- [Your goal] Take the line with "Ford S-Max 2012." as the first and the last line of the data as the end. Write out both and every line between exactly, except pictures.

- [Supplied information]
· · ·

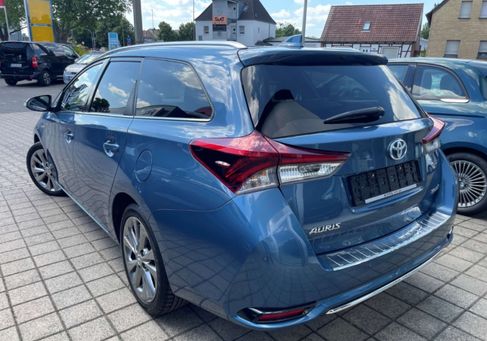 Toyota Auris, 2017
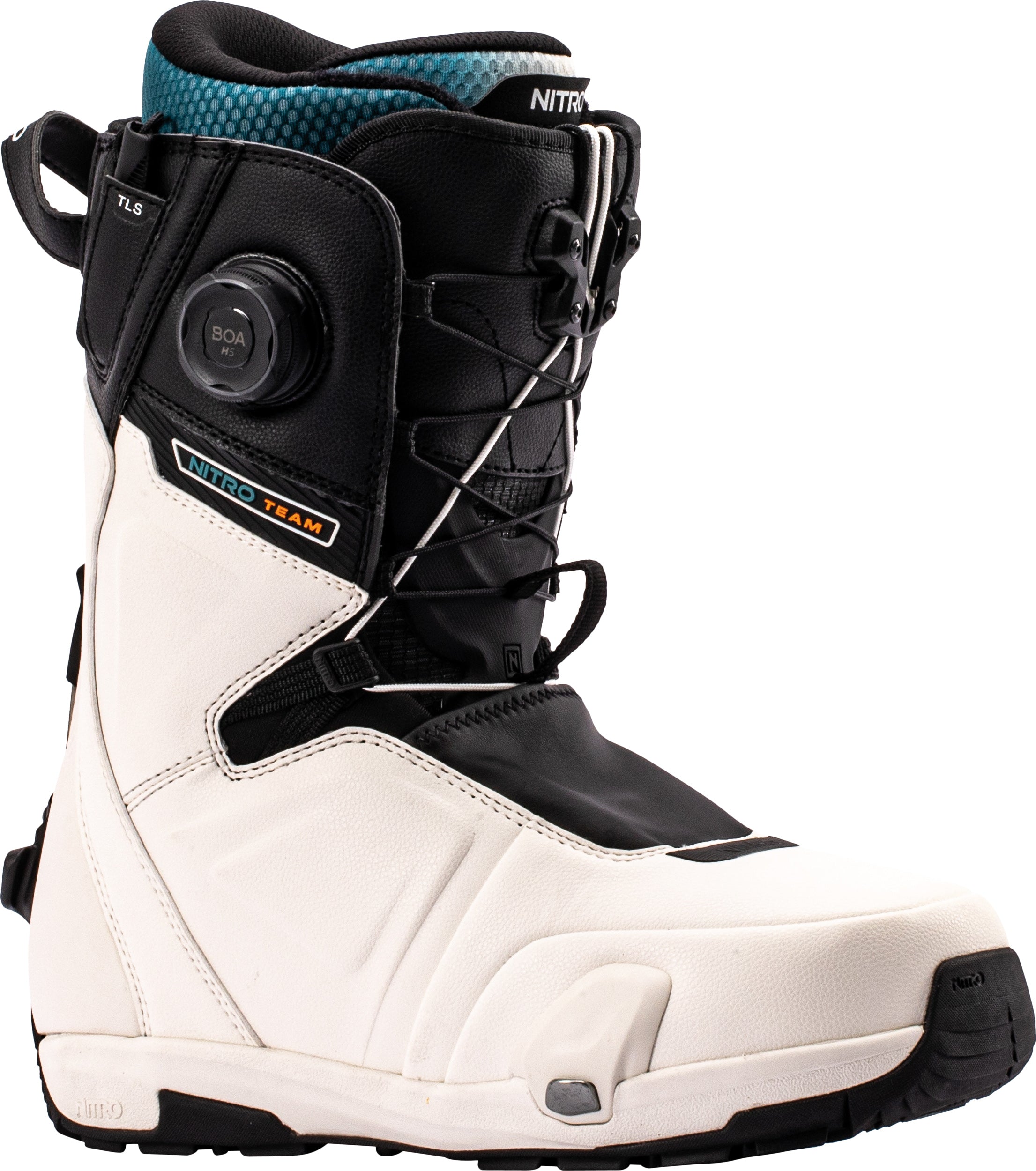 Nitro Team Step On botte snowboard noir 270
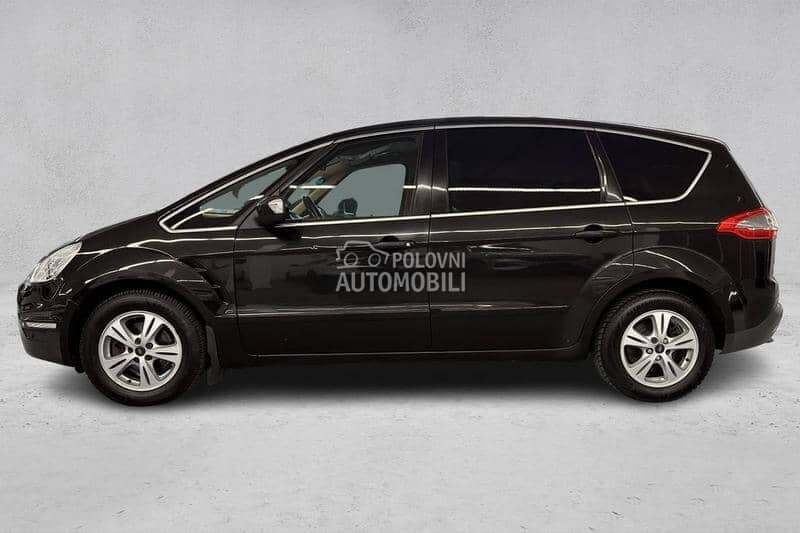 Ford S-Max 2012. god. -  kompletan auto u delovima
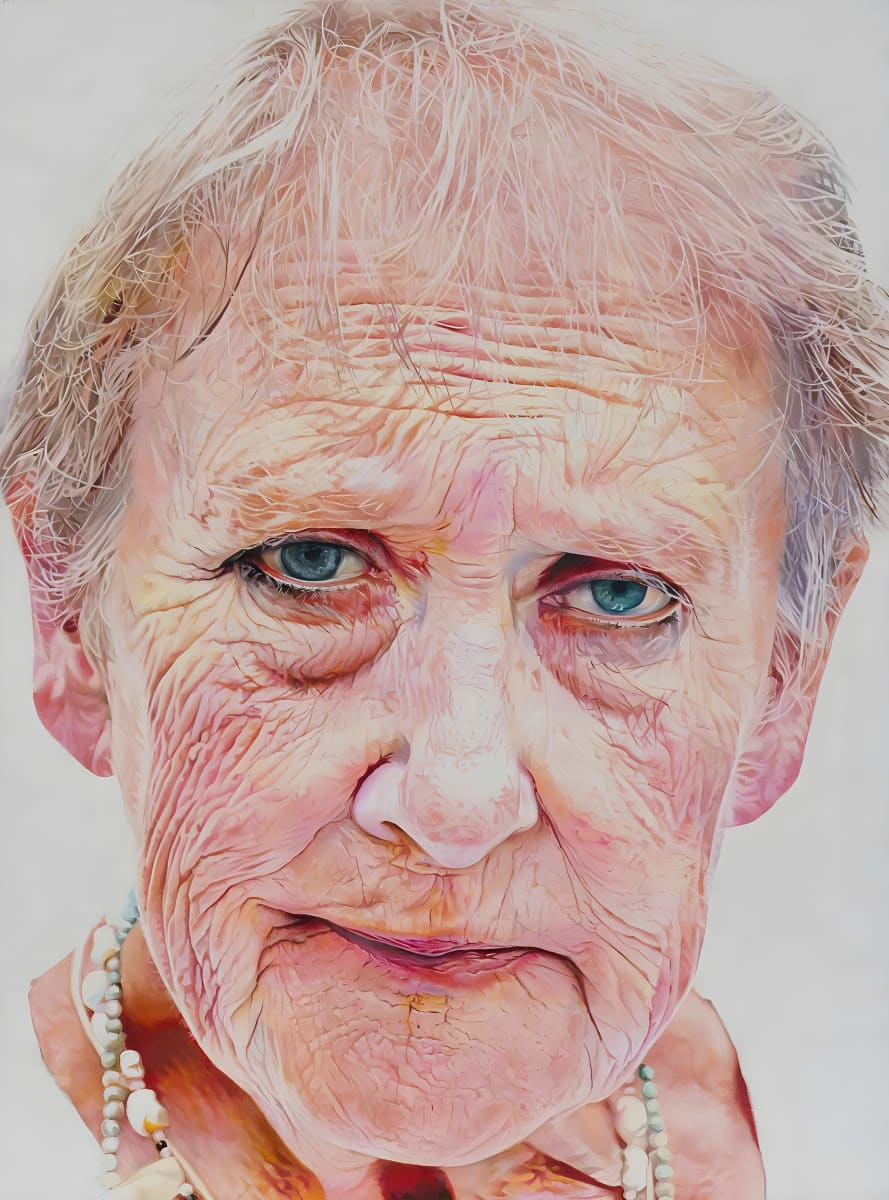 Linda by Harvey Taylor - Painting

· · ·

- [Written solution]
 Ford S-Max 2012. god. -  kompletan auto u delovima
 Linda by Harvey Taylor - Painting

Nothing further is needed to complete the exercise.